◆ GOAL OF THE EXERCISE:
Begin your copy at the line with "image 1 of CGC" in the records below and end it at the line with "FLZOSPER 15mm Metric", restating each line word for word; omit the pictures.

◆ EXERCISE DATA:
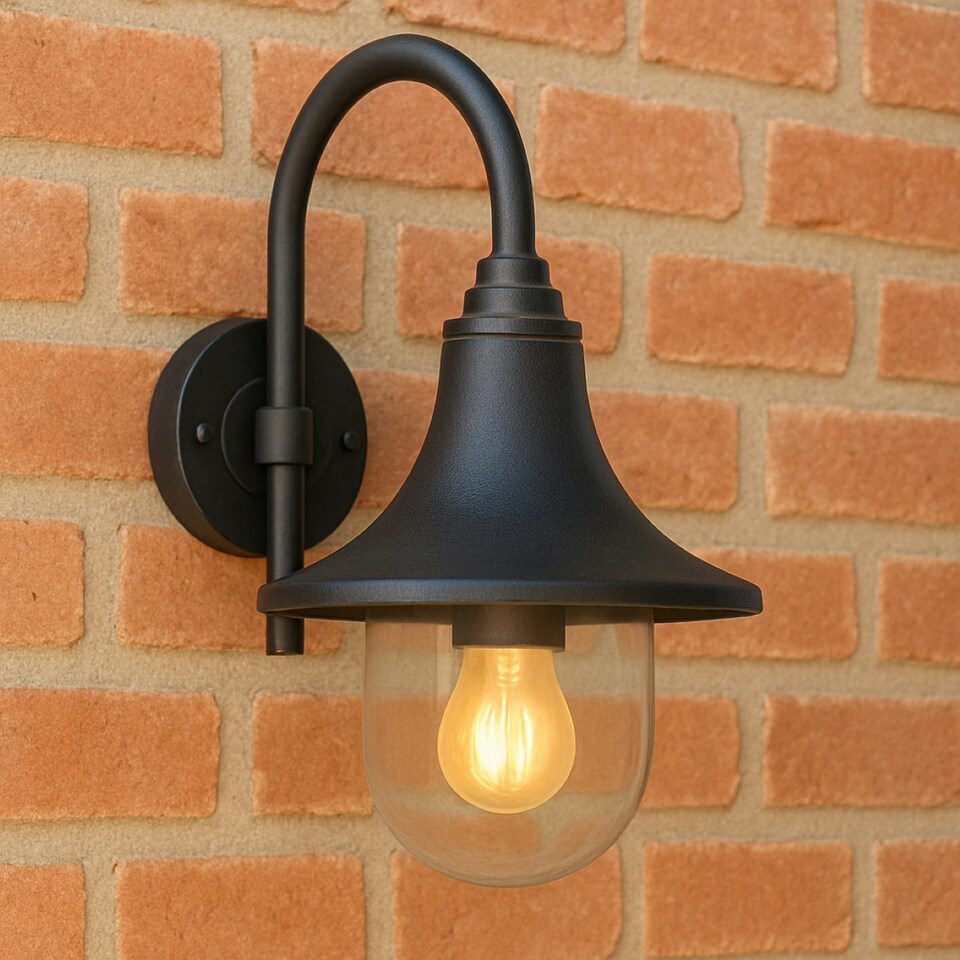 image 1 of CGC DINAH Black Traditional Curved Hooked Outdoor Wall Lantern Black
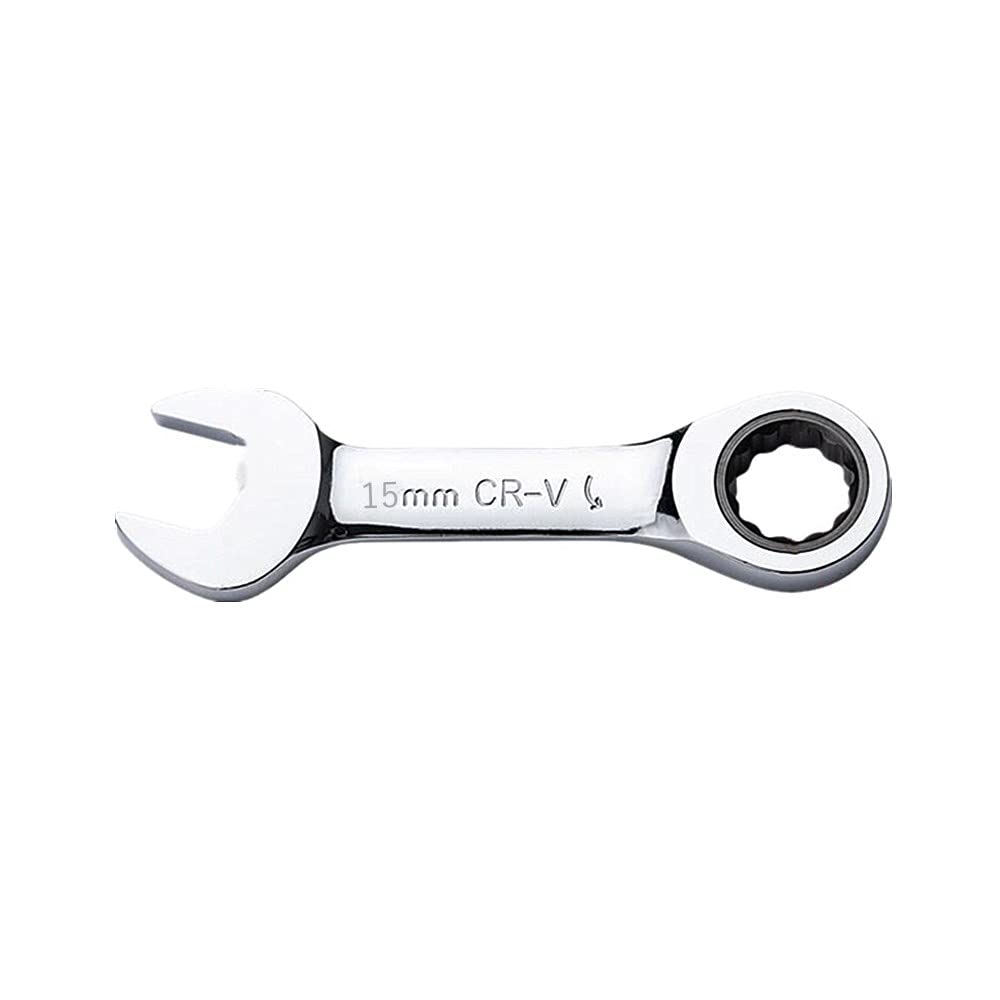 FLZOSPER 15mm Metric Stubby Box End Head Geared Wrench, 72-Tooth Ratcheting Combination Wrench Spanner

...

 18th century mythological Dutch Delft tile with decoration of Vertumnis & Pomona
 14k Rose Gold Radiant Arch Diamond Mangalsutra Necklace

◆ SOLUTION BELOW:
 image 1 of CGC DINAH Black Traditional Curved Hooked Outdoor Wall Lantern Black
 FLZOSPER 15mm Metric Stubby Box End Head Geared Wrench, 72-Tooth Ratcheting Combination Wrench Spanner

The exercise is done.